Unfortunately, stories like mine are not isolated incidents. Many women in science can recount negative experiences with their male colleagues or with the public, while completing their work.

In addition to attending veterinary school, I am also working part-time as a veterinary nurse. Through this, I have noticed that the public perception and treatment of veterinarians differ based on their sex. The clinic I work at is owned by two female veterinarians with more than 20 years of experience combined and yet clients often ask if the only male veterinarian (whom is a recent graduate) at the clinic can have a look at a particular case to offer a second opinion. Such instances imply the public perceives men in the profession to be more capable, regardless of their level of experience in the field.

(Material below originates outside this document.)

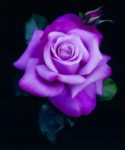 purple rose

According to research by the AVMA Veterinary Economics Division done in 2018, there is a still a gender wage gap and women occupy fewer places in the higher reaches of the veterinary profession, even as they now outnumber men in the field.2 Research conducted by Lancaster University’s Management School and The Open University’s Business School, also found few women reach the higher echelons of practice and are more likely to be employed as an assistant than as a director or partner.3

When the first veterinary school was founded in Lyon, France in 1761,4 only men graduated from the university. It wasn’t until 142 years later, in 1903, that the first woman, Mignon Nicholson, graduated from McKillip Veterinary College in Chicago—and there is nothing known about her veterinary career.5

Since, women have come a long way in overcoming adversity and achieving representation in the veterinary profession. So, what can be done to continue to improve the treatment and opportunities for women in the field?

I believe that one way is for men to show solidarity by raising awareness of male privilege and acknowledging the discrimination. They can serve as allies for their colleagues by standing with women through their daily struggles for the extermination of patriarchal, sexist, and misogynist constructs so they may have access to equal freedom, respect, and power.6

It might be that some men fear there are a finite amount of freedoms and the empowerment of women and girls may result in a reduction of their own privileges. However, equality benefits us all. For example, greater equality in the workforce results in high production levels and employee satisfaction.7 At work, men can do their part by ensuring women have an equal voice in all discussions and meetings in which they are involved.

In my opinion, with greater discussion and awareness of the difficulties women face in veterinary medicine, the profession as a whole will improve over time. Annual market research statistics allow us to visualise and track changes and trends of employment in the veterinary sector. I think keeping track of those numbers, while working toward increasing the number of women in leadership roles in the profession can help reduce the wage gap, as well as provide role models for the next generation and initiate change of the public’s perception of the role of women in veterinary medicine.

References

  1. Market research statistics: U.S. veterinarians 2018: American Veterinary Medical Association 2018.
  2. Mattson K. Mind the pay gaps. JAVMA News American Veterinary Medical Association, 2018.
  3. Gender discrimination holding women back in veterinary practice: Science Daily 2019.
  4. Cole L. A Quick History of Veterinary Medicine, 2014.
  5. McPheron T. 2007 is DVM Year of the Woman: JAVMA News 2007.
  6. Montano G. What is a man’s role in gender equality activism? .
  7. Victoria Government A. Safe and strong: A Victorian Gender Equality Strategy; Preventing violence against women through gender equality.